A public funeral was held in Plano, Texas, on August 18, 2002, at 2:00 P.M. A DVD titled Sinema has since been released, chronicling his life. His lifelong dream was to buy his parents a house; the sales from Sinner fulfilled his dream posthumously.

Williams's microphone was given to Cristian Machado from Ill Niño. They were good friends, so Drowning Pool and Williams' family gave it to Machado as a token of respect after his death.

==Legacy==
The Dallas, Texas music community honored Williams and his legacy with a multi-venue music festival named "Stage Fest". Stage Fest was held in downtown Dallas' Deep Ellum district on August 14, 2007, the fifth anniversary of his death, and played in seven Deep Ellum venues including Club Dada, The Curtain Club, The Lizard Lounge, The Darkside Lounge, Red Blood Club, Reno's Chop Shop, and Tomcat's.
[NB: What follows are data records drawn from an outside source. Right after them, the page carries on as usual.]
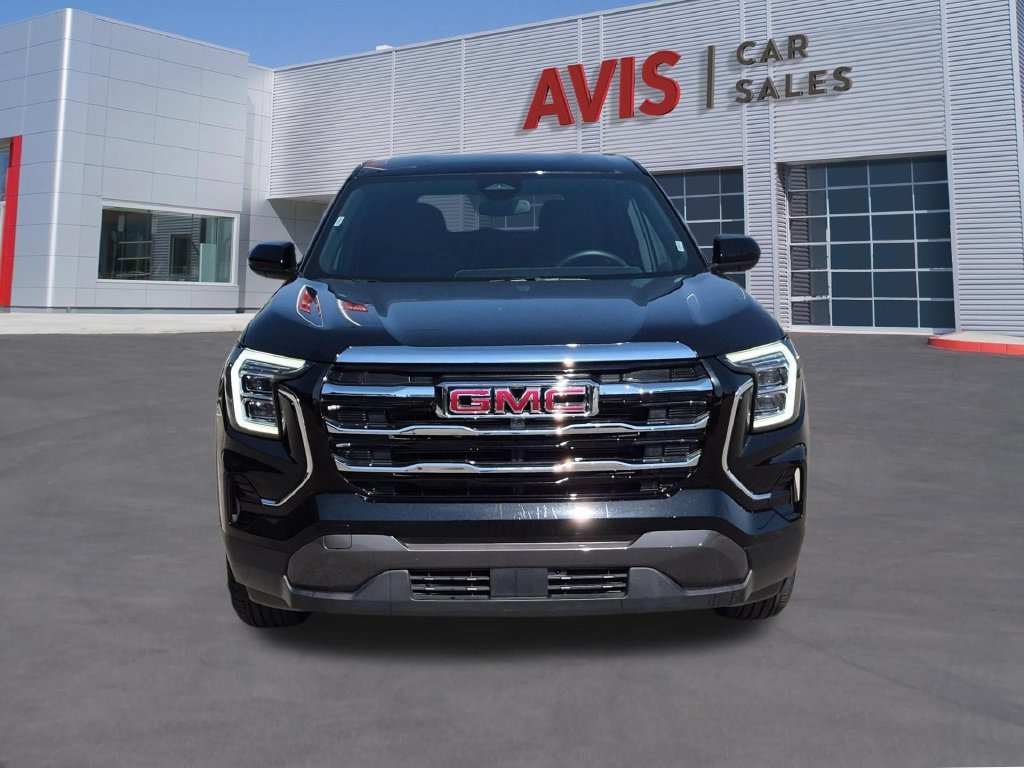 Used 2026 GMC Terrain Elevation FWD image 2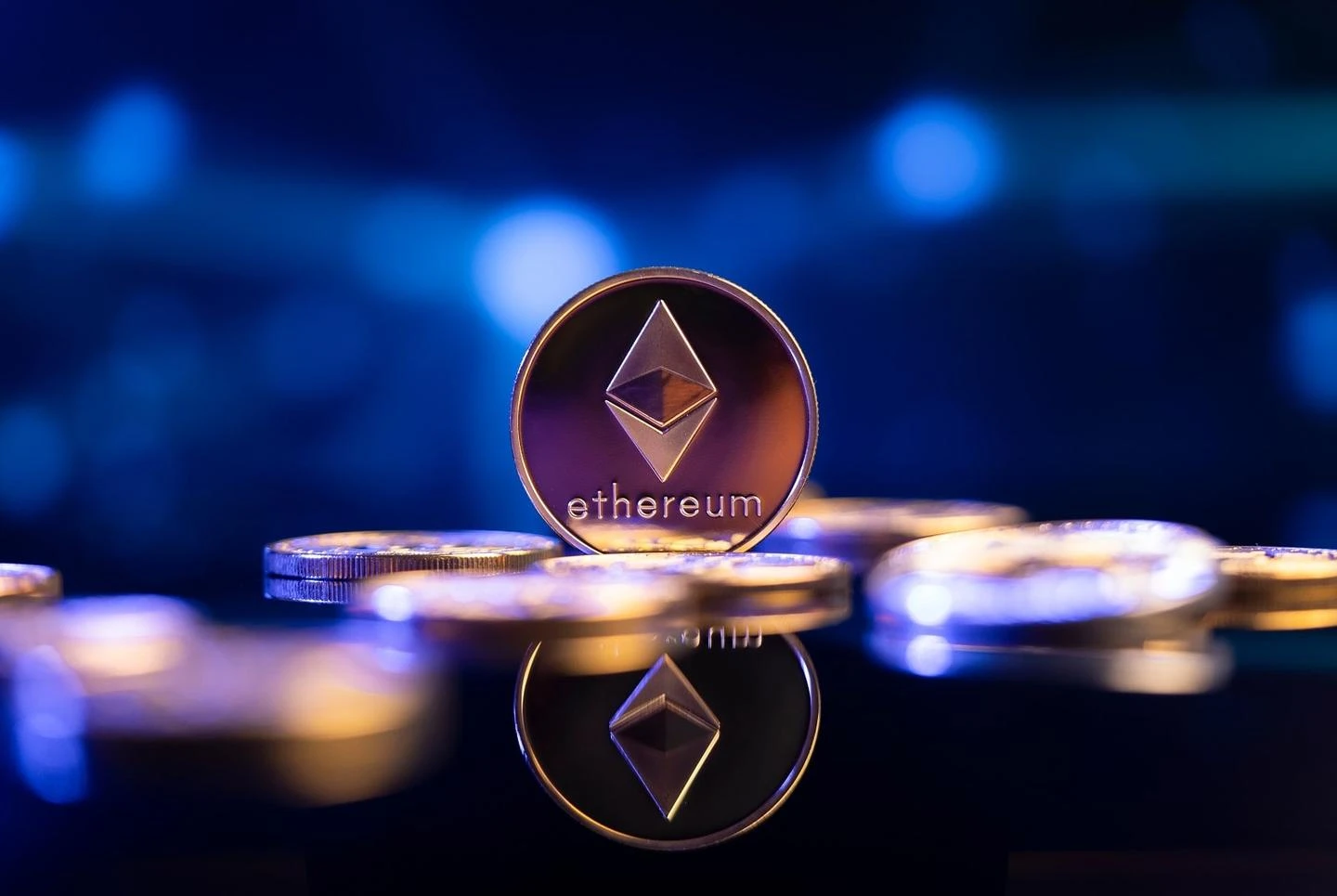 以太坊(ETH)：智能合约平台如何通过虚拟机驱动去中心化应用？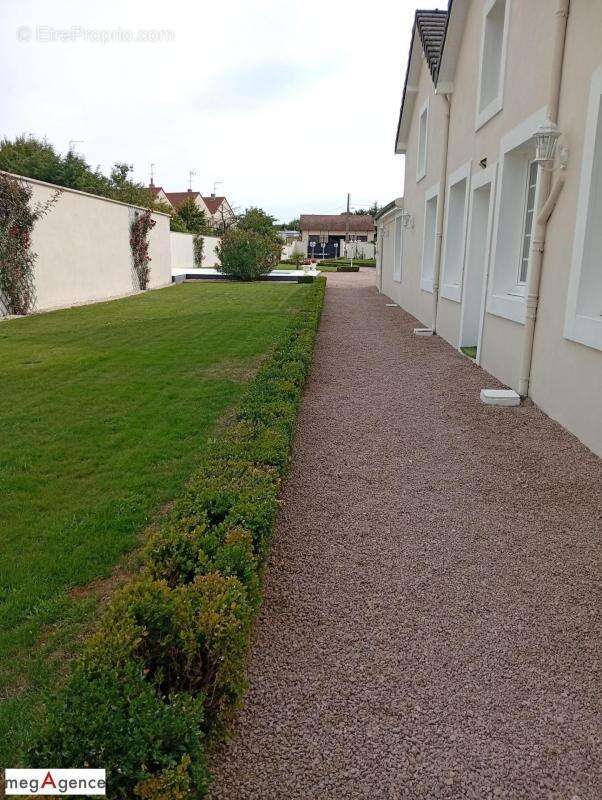 Maison à VARENNES-SUR-ALLIER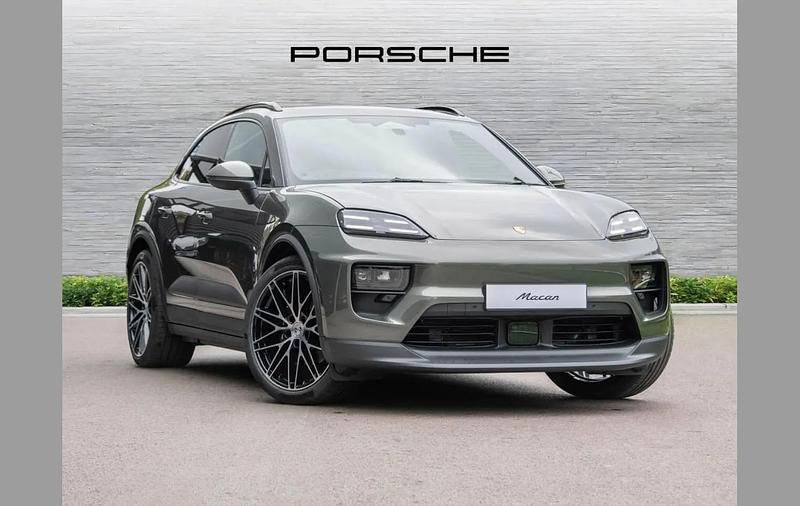 Green New 2025 Porsche Macan SUV | £87,995 - Image 1/4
One of Williams's previous bands, Fugly, digitally released an album dedicated to him in 2008.

On August 14, 2012, the 10th anniversary of his death, Drowning Pool released the ballad "In Memory Of..." dedicated to him.

For the 13th anniversary of Sinner, Bicycle Music Company released previously unreleased footage of Dave Williams and his bandmates answering questions about music, movies, and the Sinner album via their YouTube channel.